7. It is submitted that the Government, while formulating bid documents prior to the launch of NELP-I, kept a provision for approval of the gas price formula/basis by the Government prior to any sale of gas. The reasons for the Government approval to the gas price formula / basis was to protect the Government’s entitlements, as Government revenue in the form of profit petroleum and royalty is directly dependent on the price of gas, which has been elaborated in the PSC provisions, in particular Article 21.6. The Contractor was also required to discover gas sale price formula/basis on a competitive, arms length basis to the benefit of the parties to the contract. Further, for granting such approval, the Government shall take into account the prevailing policy on pricing of natural gas which indicates the regulatory role of the Government in the pricing of natural gas.

8. The relevant Article 21.6 of the PSC, that has been entered into between Government of India, RIL and Niko on 12th April, 2000 for block KG-DWN-98/3 is reproduced below:

Article 21.6 Valuation of Natural Gas

Article 21.6.1:- The Contractor shall endeavour to sell all Natural Gas produced and saved from the Contract Area at arms-length prices to the benefits of Parties to the Contract.

Article 21.6.2:- Notwithstanding the provision of Article 21.6.1, Natural Gas produced from the Contract Area shall be valued for the purposes of this Contract as follows:

(a)  Gas which is used as per Article 21.2 or flared with the approval of the Government or re-injected or sold to the Government pursuant to article 21.4.5 shall be ascribed a zero value;

(b)  Gas which is sold to the Government or any other Government nominee shall be valued at the prices actually obtained, and

(c)  Gas which is sold or disposed of otherwise than in accordance with paragraph (a) or (b) shall be valued on the basis of competitive arms length sales in the region for similar sales under similar conditions.

Article 21.6.3:- The formula or basis on which the prices shall be determined pursuant to Article 21.6.2(b) or (c) shall be approved by the Government prior to the sale of Natural Gas to the consumers/buyers. For granting this approval, Government shall take into account the prevailing policy, if any, on pricing of Natural Gas including any linkages with traded liquid fuels, and it may delegate or assign this function to a regulatory authority as and when such an authority is in existence.

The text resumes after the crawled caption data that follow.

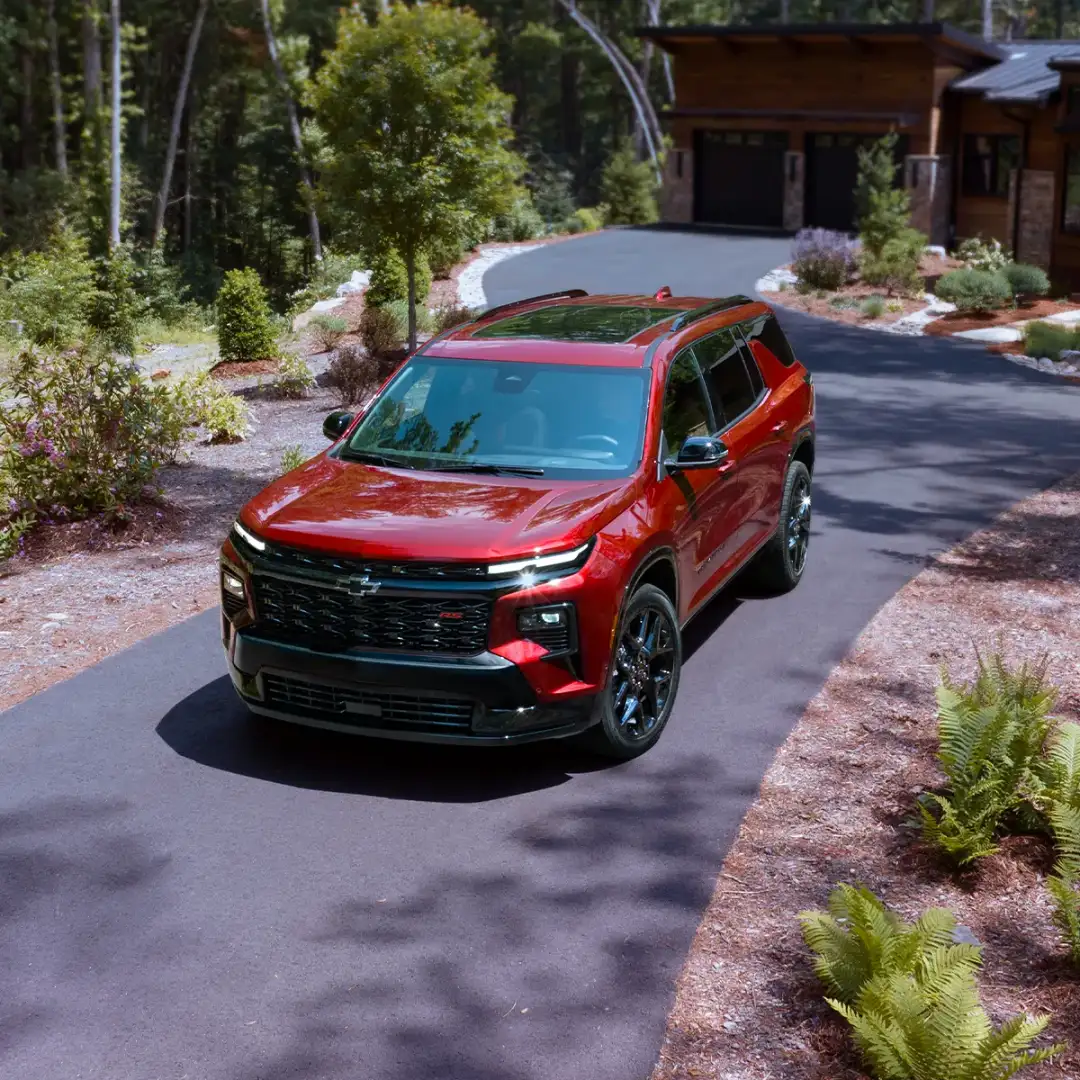 Red 2024 Chevrolet Traverse parked in a driveway in front of a house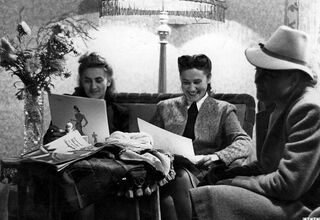 Zdjecie czarno-białe. Trzy eleganckie kobiety, jedna w kapeluszu, siedzą przy stole i oglądają katalogi mody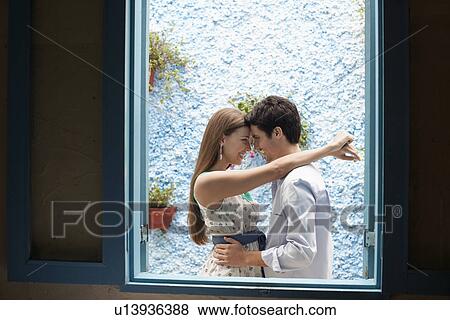 Couple hugging by window View Large Photo Image Stock Photo - Couple hugging by window. Fotosearch
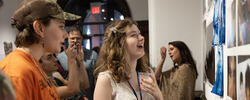 two students look at works on paper mounted on gallery wall as other people move through the gallery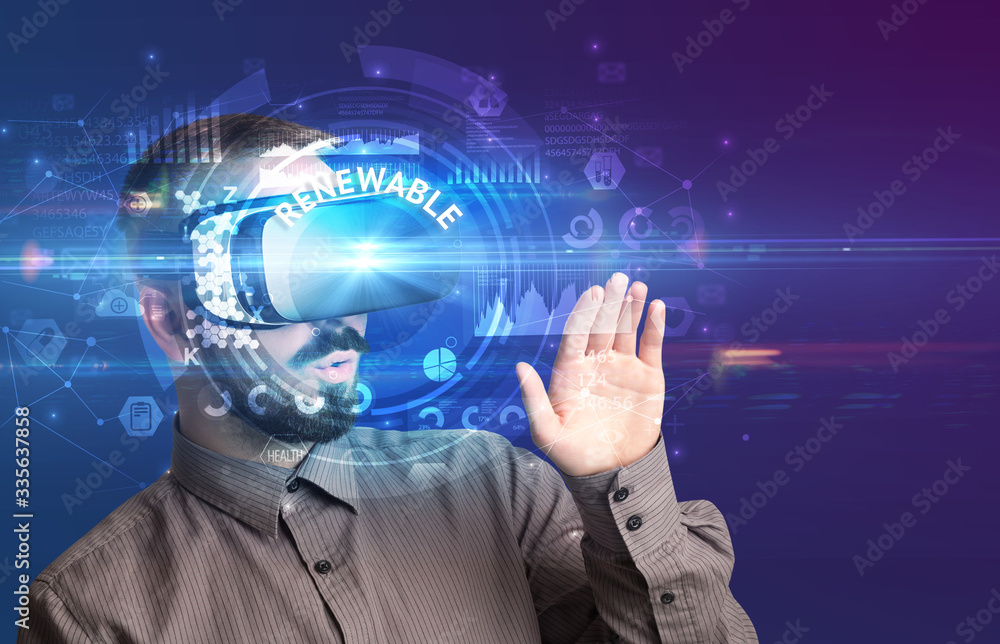 Businessman looking through Virtual Reality glasses with RENEWABLE inscription, innovative technology concept Businessman looking through Virtual Reality glasses with RENEWABLE inscription, innovative technology concept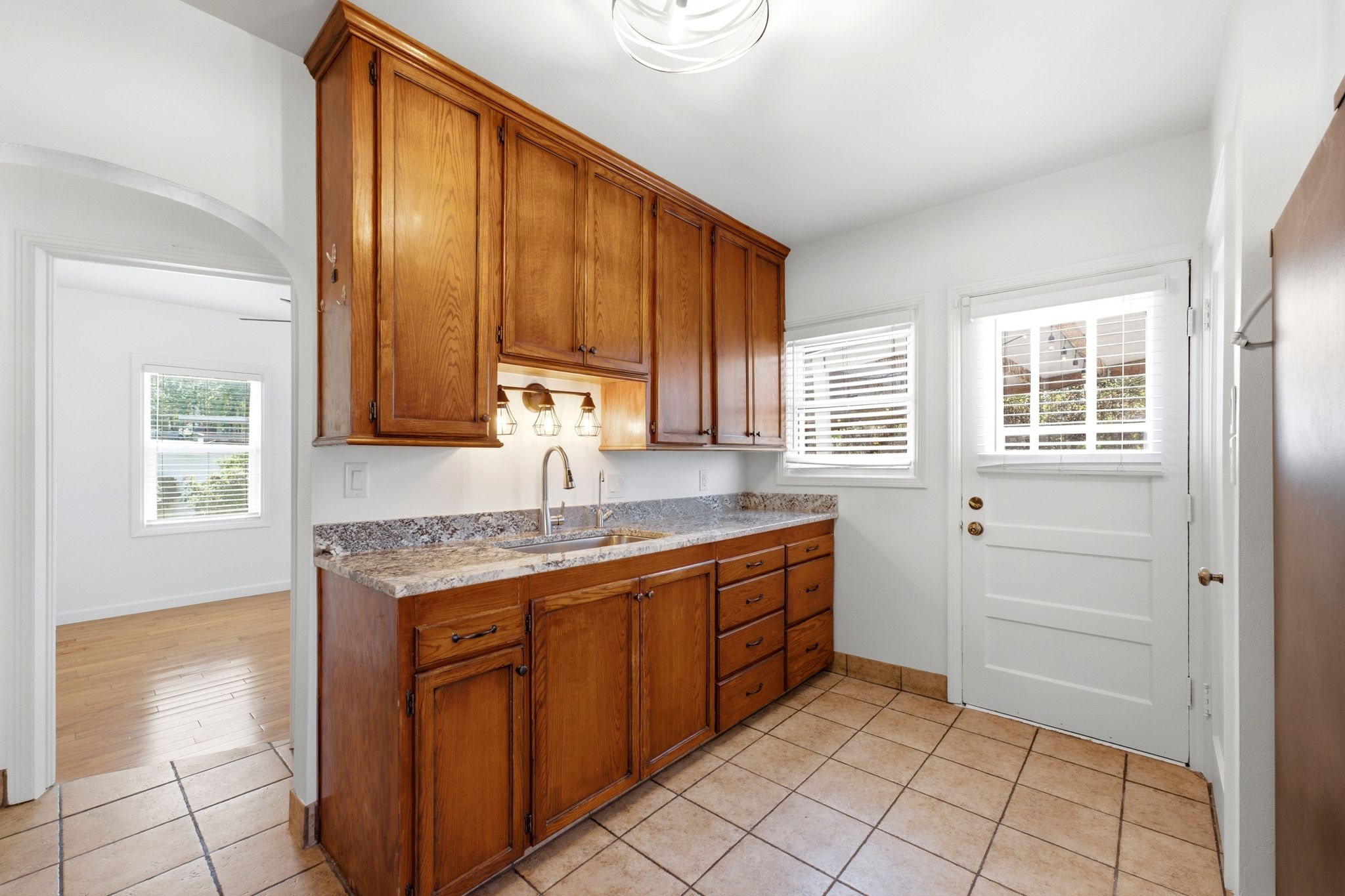 Kitchenette featuring wood cabinetry, undermount sink with a gooseneck faucet, light-toned stone countertop, and tile flooring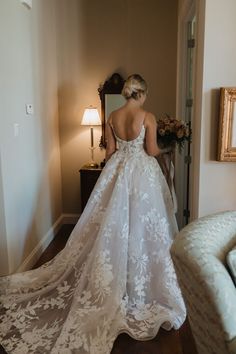 a woman in a wedding dress looking at herself in the mirror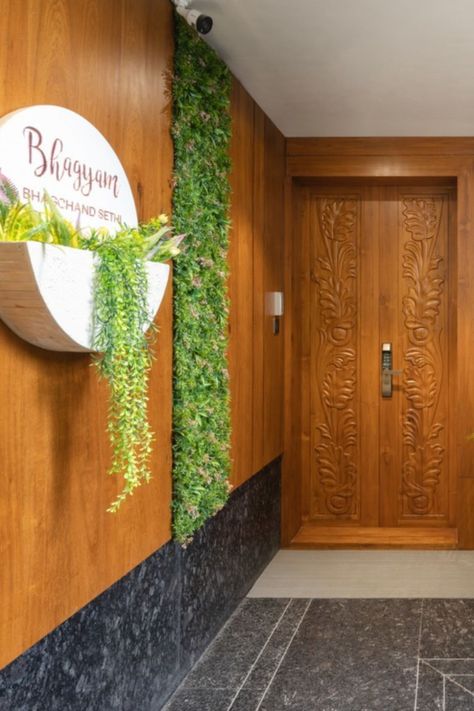 The main door exhibits grandeur in its natural wood carving. A nameplate bearing the words ‘BHAGYAM’ rests on the teak wood paneling used in the entrance Flat Entrance Lobby Design, Flat Entrance Design, Lobby Design Ideas, Entrance Lobby Design, Cool Interior Design, House Entrance Doors, Minimal Interiors, Cool Interior, Luxurious Apartment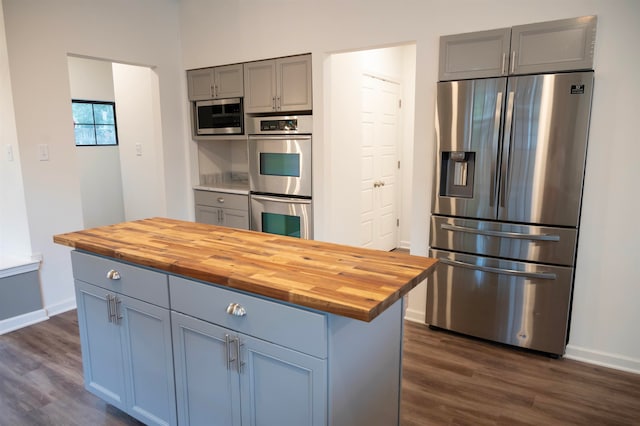 kitchen with a center island, wooden counters, gray cabinets, dark hardwood / wood-style flooring, and stainless steel appliances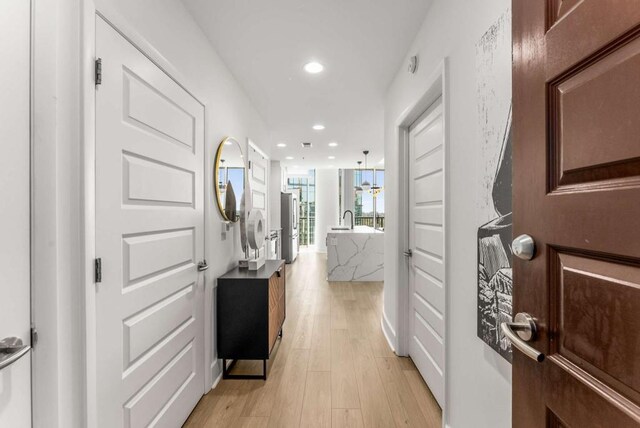 1080 Peachtree St NE Unit 1909, Atlanta, GA 30309 - hallway with recessed lighting, light wood-style floors, and a sink
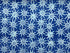 This blue Batik fabric is covered with light blue suns.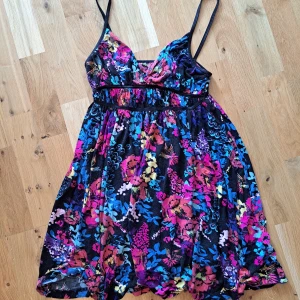 Sommarklänning - Fin sommarklänning i skönt material. Blommigt mönster med svarta axelband. V-ringad och skön att ha utan BH (tycker jag😁) Fick av en bakant för länge sen så vet inte märket. Stretchig över midjan och brösten.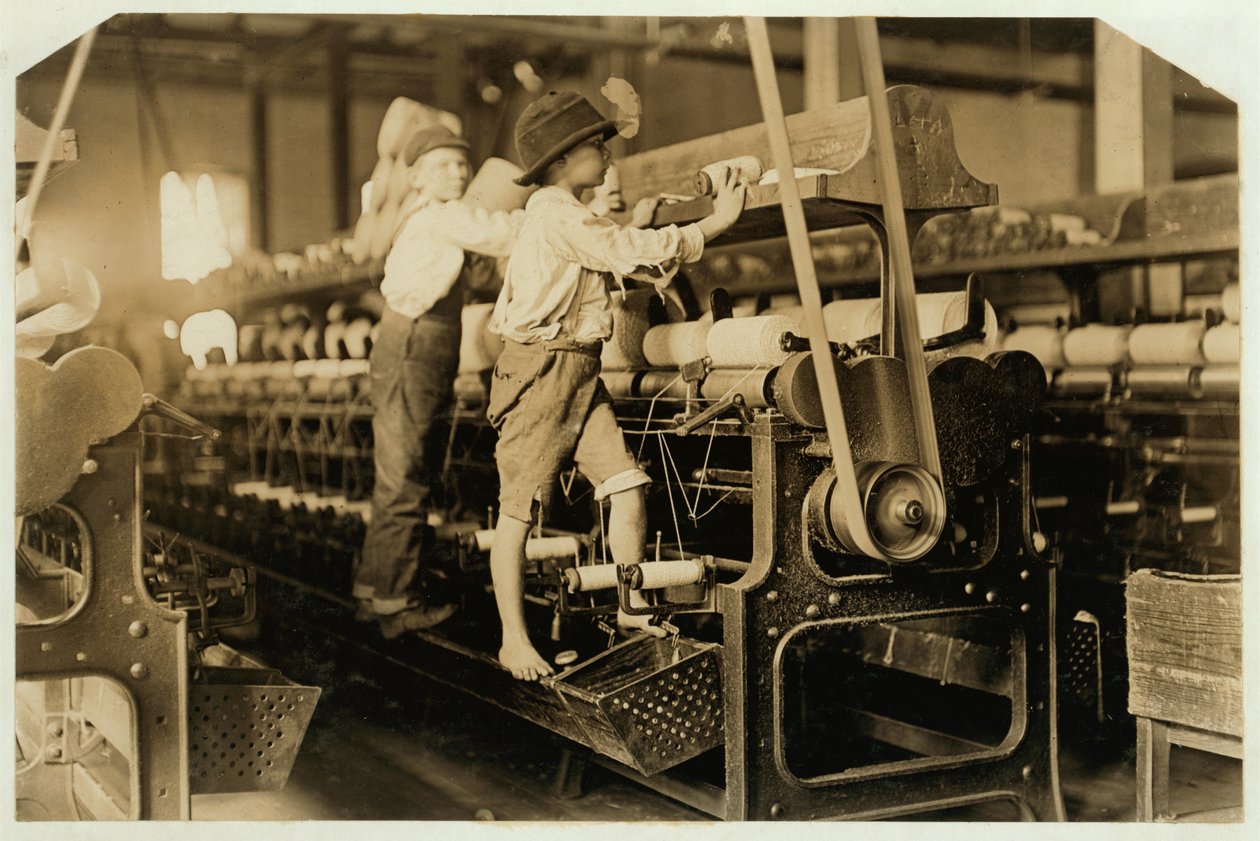 Small boys climbing on spinning frame to mend broken threads and replace empty bobbins at Bibb Mill, Macon, Georgia, 1909 by Lewis Wickes Hine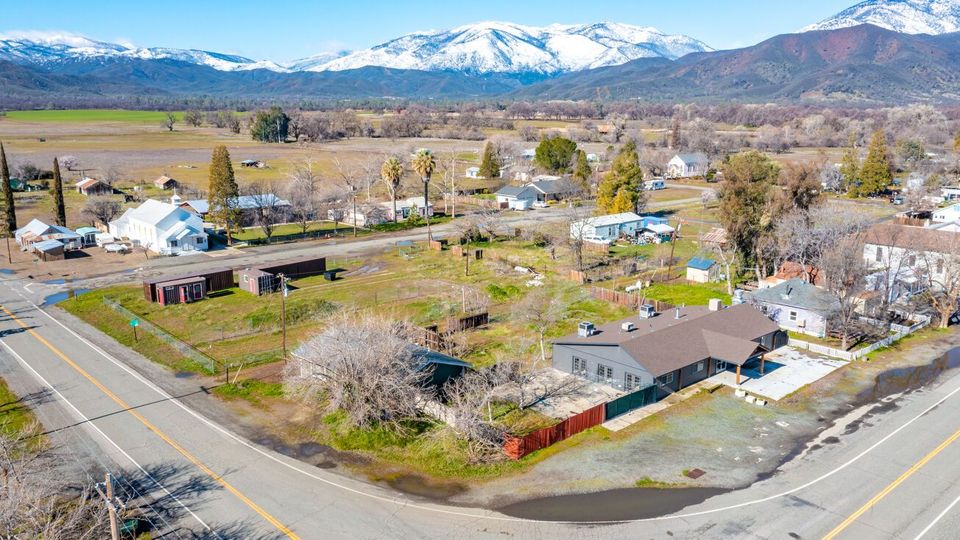 An aerial view of a small town with mountains in the background.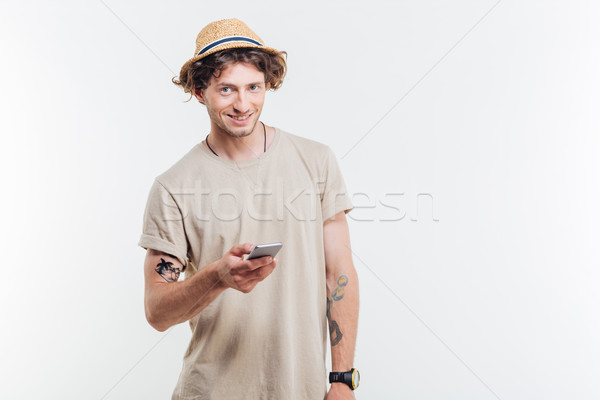 Stock photo: Smiling young man holding smart phone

9 .Scope of the Article 21.6 of PSC: On a harmonious reading of Article 21.6, it is evident that the said Article deals with the following two distinct aspects (i) Valuation and (ii) Price.

10. Article 21.6.1 and Article 21.6.3 deal with price of gas whereas Article 21.6.2 deals with valuation.

11. It is respectfully submitted that Article 21.6.1 of the Production Sharing Contract (PSC) compulsorily obliges the contractor to endeavour to sell all natural gas produced and saved from the contract area of competitive, arms-length prices to the benefit of parties to the Production Sharing Contract.

12. The Production Sharing Contract defines “Arms Length Sales” as follows:

“Arms Length Sales” means sales made freely in the open market, in freely convertible currencies, between willing and unrelated sellers and buyers and in which such buyers and sellers have no contractual or other relationship, directly or indirectly, or any common or joint interest as is reasonably likely to influence selling prices…..”

This term ‘unrelated sellers and buyers’ assumes great significance in the matter of determining an Arms Length Sale in the context of a relationship between the Appellant and the Respondent, who cannot be described as unrelated buyers and sellers.